§ **Your assignment**: Where the records contain images, omit them, and repeat everything else word for word.

§ **Information supplied**:
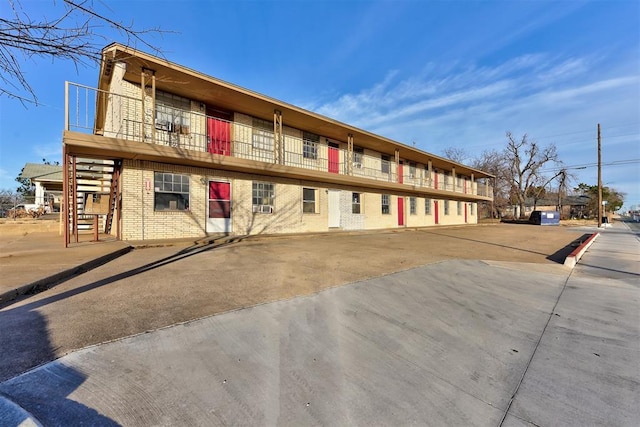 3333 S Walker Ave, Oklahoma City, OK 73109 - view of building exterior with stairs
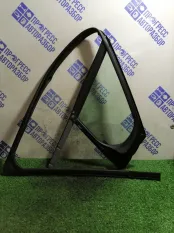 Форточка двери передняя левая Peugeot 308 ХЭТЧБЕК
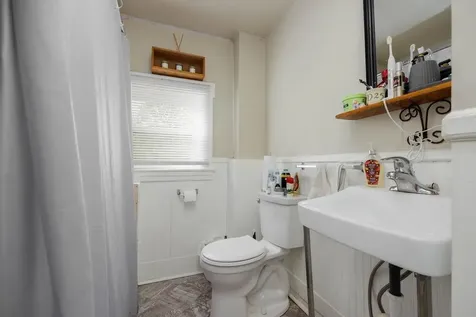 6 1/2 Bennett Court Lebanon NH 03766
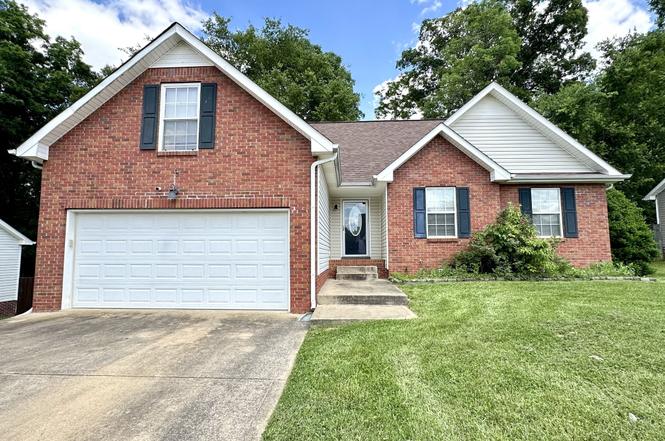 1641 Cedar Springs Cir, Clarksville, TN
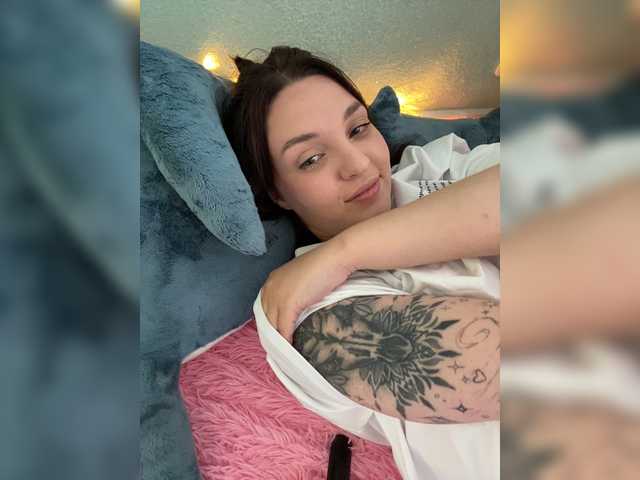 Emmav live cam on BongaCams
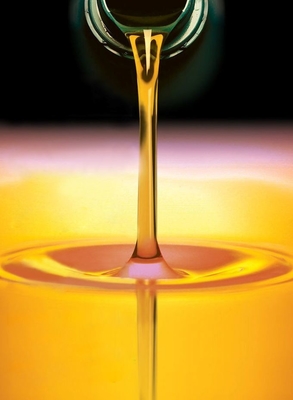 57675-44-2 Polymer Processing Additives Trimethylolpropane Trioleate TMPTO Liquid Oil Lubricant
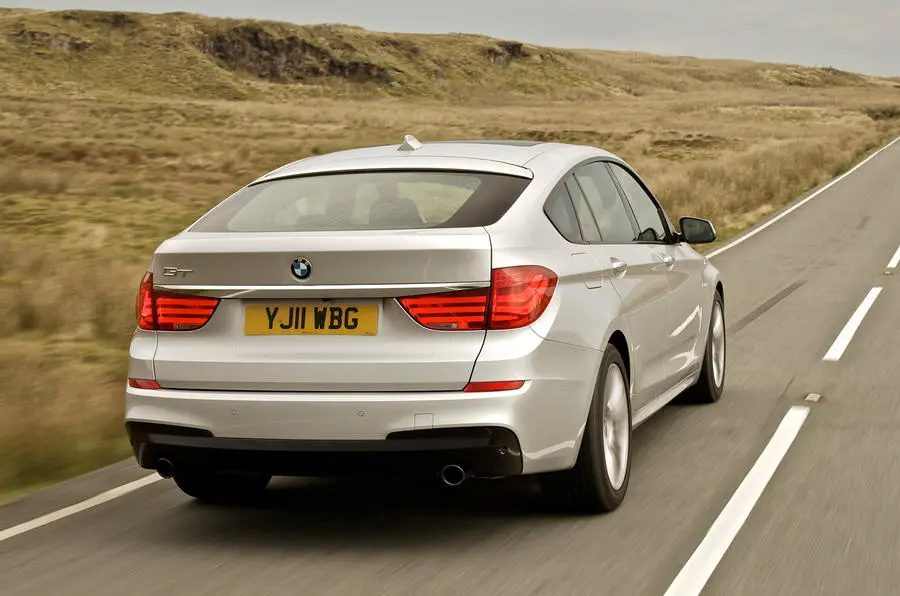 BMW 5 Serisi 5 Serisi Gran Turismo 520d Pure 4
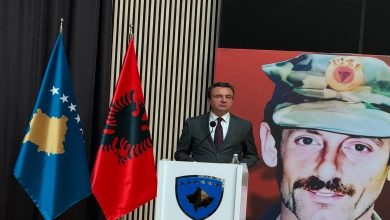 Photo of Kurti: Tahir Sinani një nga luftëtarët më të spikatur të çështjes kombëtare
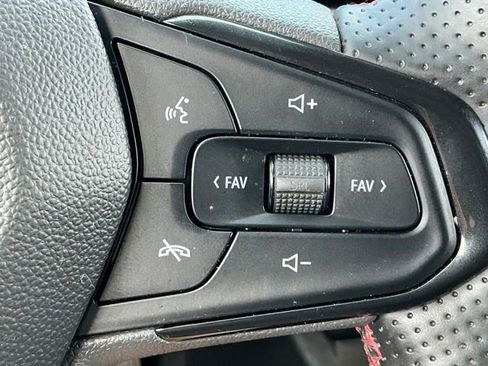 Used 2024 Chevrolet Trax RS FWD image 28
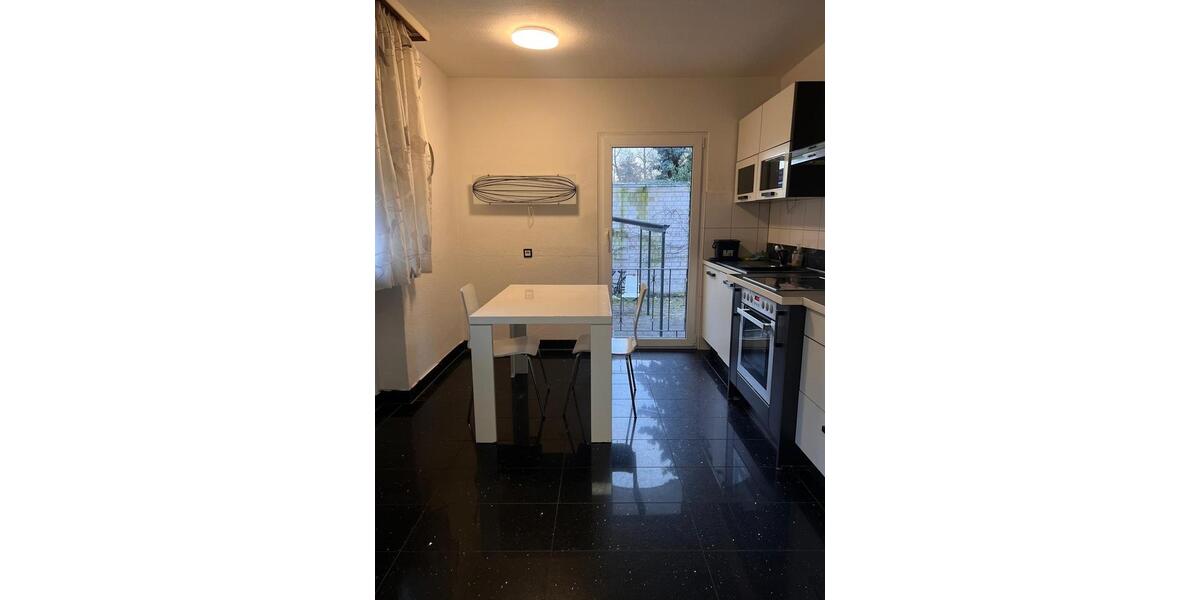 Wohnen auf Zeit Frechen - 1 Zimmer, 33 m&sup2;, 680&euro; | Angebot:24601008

§ **Answer to this task**:
 3333 S Walker Ave, Oklahoma City, OK 73109 - view of building exterior with stairs
 Форточка двери передняя левая Peugeot 308 ХЭТЧБЕК
 6 1/2 Bennett Court Lebanon NH 03766
 1641 Cedar Springs Cir, Clarksville, TN
 Emmav live cam on BongaCams
 57675-44-2 Polymer Processing Additives Trimethylolpropane Trioleate TMPTO Liquid Oil Lubricant
 BMW 5 Serisi 5 Serisi Gran Turismo 520d Pure 4
 Photo of Kurti: Tahir Sinani një nga luftëtarët më të spikatur të çështjes kombëtare
 Used 2024 Chevrolet Trax RS FWD image 28
 Wohnen auf Zeit Frechen - 1 Zimmer, 33 m&sup2;, 680&euro; | Angebot:24601008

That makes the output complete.